>>>

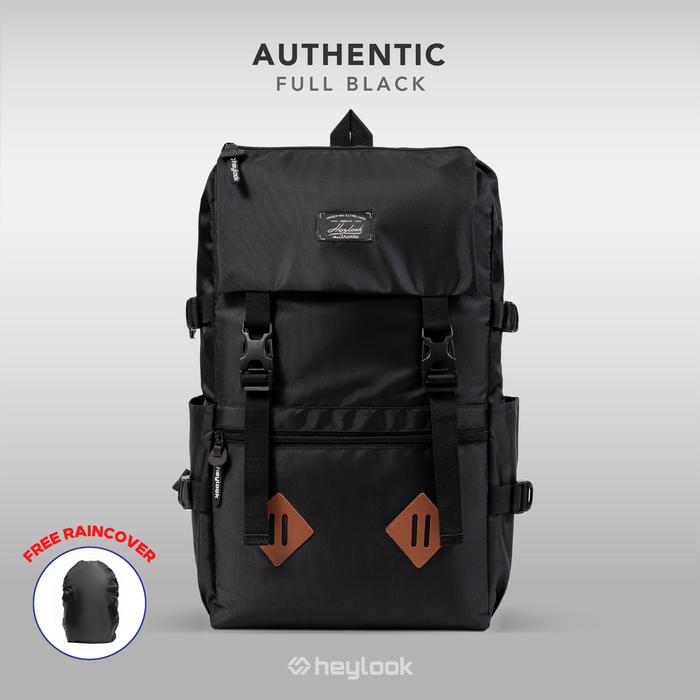 Gambar TAS RANSEL PRIA WANITA BACKPACK AUTHENTIC TAS PUNGGUNG TAS LAPTOP - FULL BLACK dari HEYLOOK PROJECT undefined Tokopedia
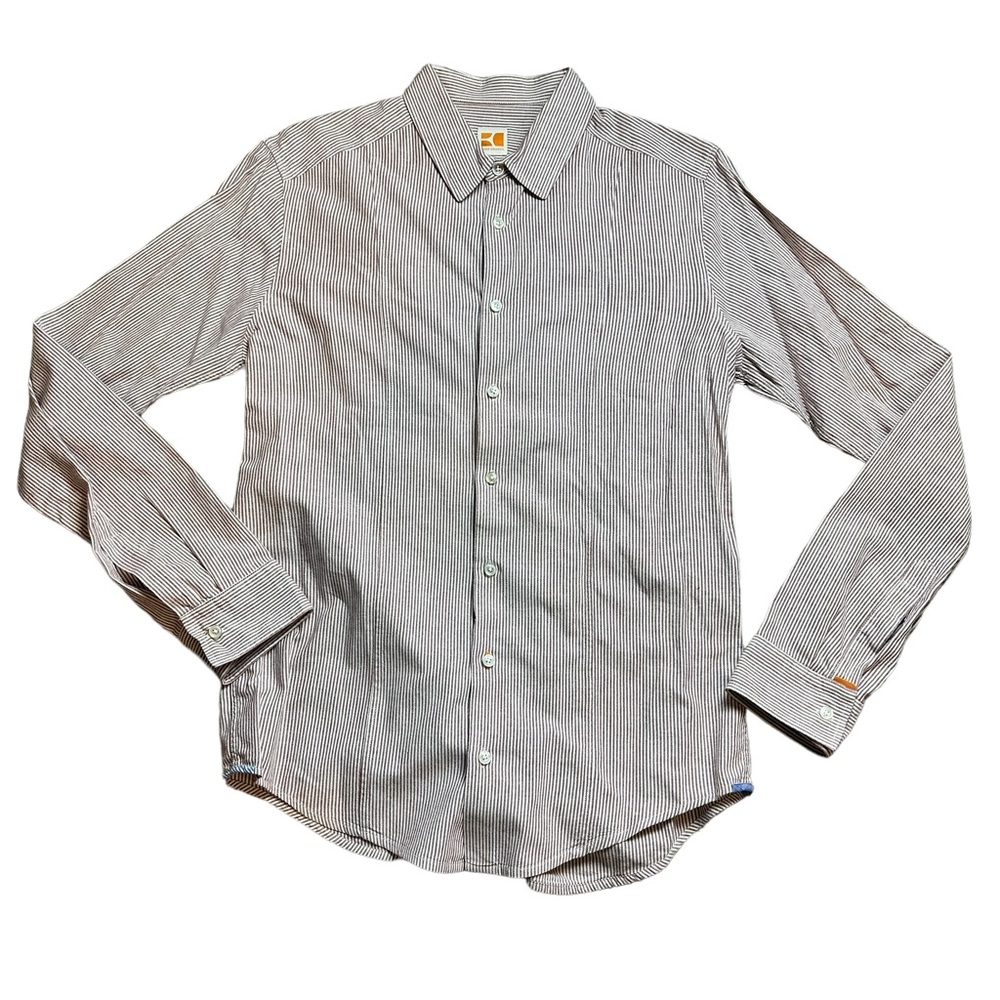 BOSS ORANGE HUGO BOSS Casual Button Down Striped Long Sleeve Cotton Wool Shirt L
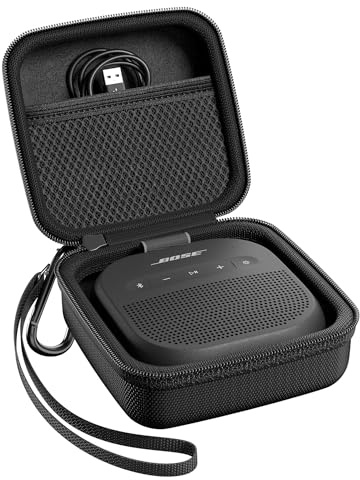 ProCase Carrying Case for Bose SoundLink Micro 2nd/1st Gen -Black | Fits Anker Soundcore Boom Go 3i, Portable Travel Storage, Mini Speaker Bag with Carabiner and Hand Strap
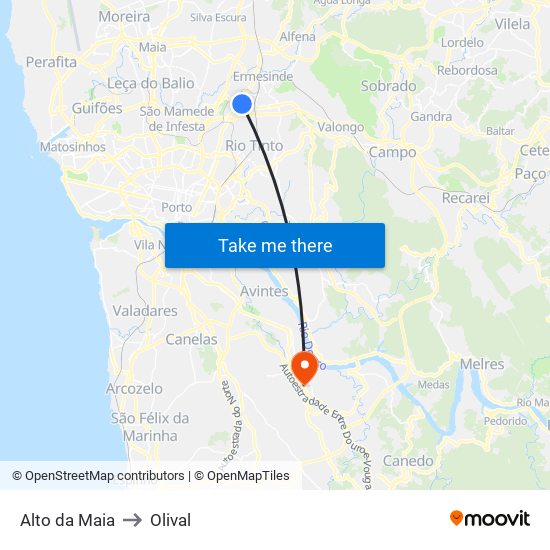 Alto da Maia to Olival map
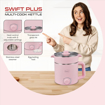 Picture of Pigeon by Stovekraft Swift Plus Multi-Cook Kettle 1.5L, with Stainless Steel Steamer, Egg Rack - Pink | Black | Double Layered | Food Grade Stainless Steel Inner wall | Glass Lid | Auto Shut-off (16213)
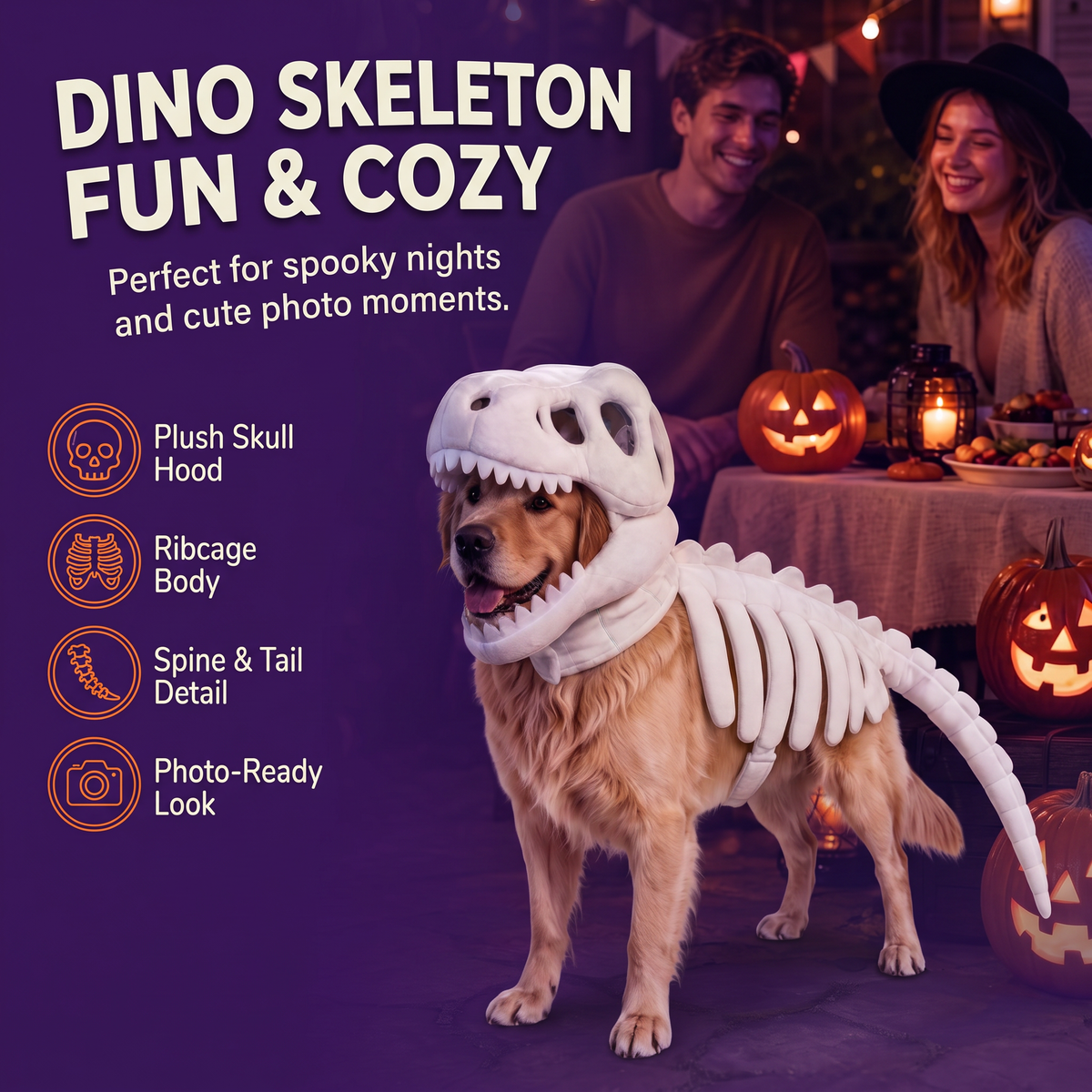 Dino Skeleton Dog Costume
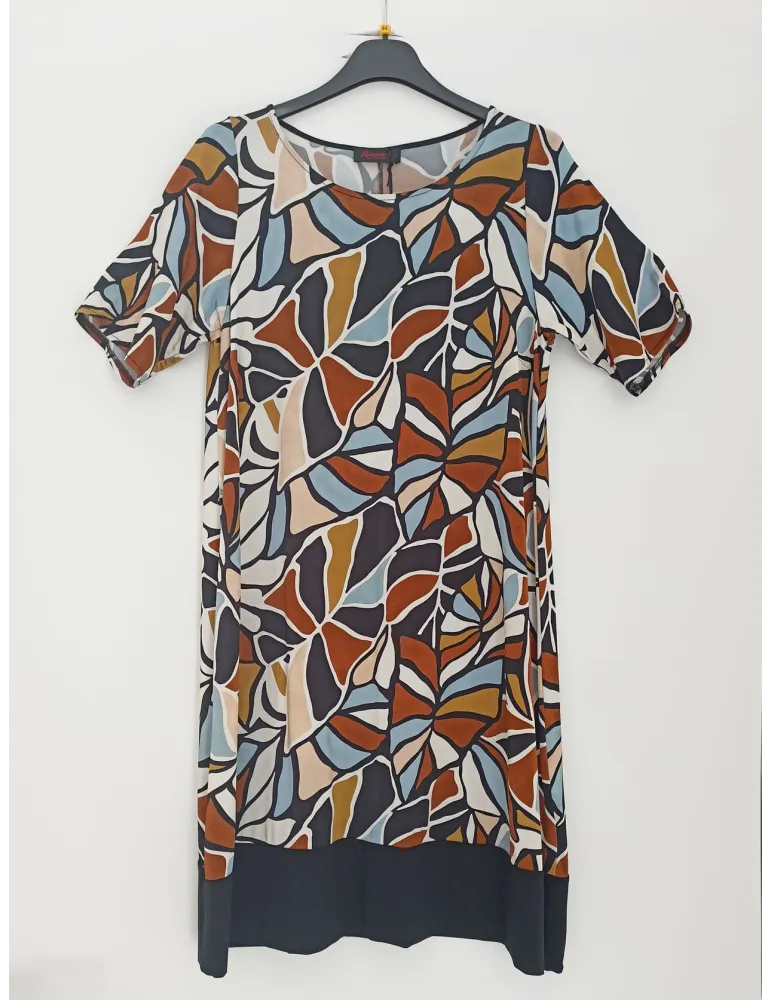 Brown and Sky Blue Leaves Print Viscose A-line Dress
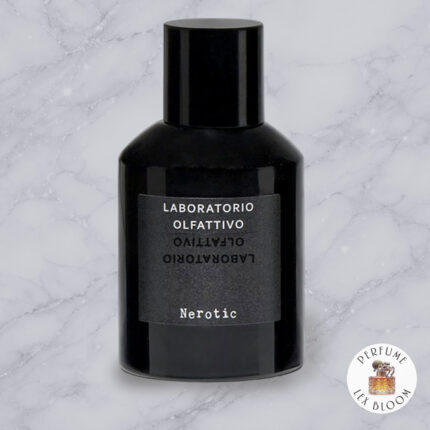 Nerotic by Laboratorio Olfattivo on a marble background with Lexbloom store logo.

<<<

Set down all entries above again, exactly, without images.

RESPONSE TO THIS EXERCISE
 Gambar TAS RANSEL PRIA WANITA BACKPACK AUTHENTIC TAS PUNGGUNG TAS LAPTOP - FULL BLACK dari HEYLOOK PROJECT undefined Tokopedia
 BOSS ORANGE HUGO BOSS Casual Button Down Striped Long Sleeve Cotton Wool Shirt L
 ProCase Carrying Case for Bose SoundLink Micro 2nd/1st Gen -Black | Fits Anker Soundcore Boom Go 3i, Portable Travel Storage, Mini Speaker Bag with Carabiner and Hand Strap
 Alto da Maia to Olival map
 Picture of Pigeon by Stovekraft Swift Plus Multi-Cook Kettle 1.5L, with Stainless Steel Steamer, Egg Rack - Pink | Black | Double Layered | Food Grade Stainless Steel Inner wall | Glass Lid | Auto Shut-off (16213)
 Dino Skeleton Dog Costume
 Brown and Sky Blue Leaves Print Viscose A-line Dress
 Nerotic by Laboratorio Olfattivo on a marble background with Lexbloom store logo.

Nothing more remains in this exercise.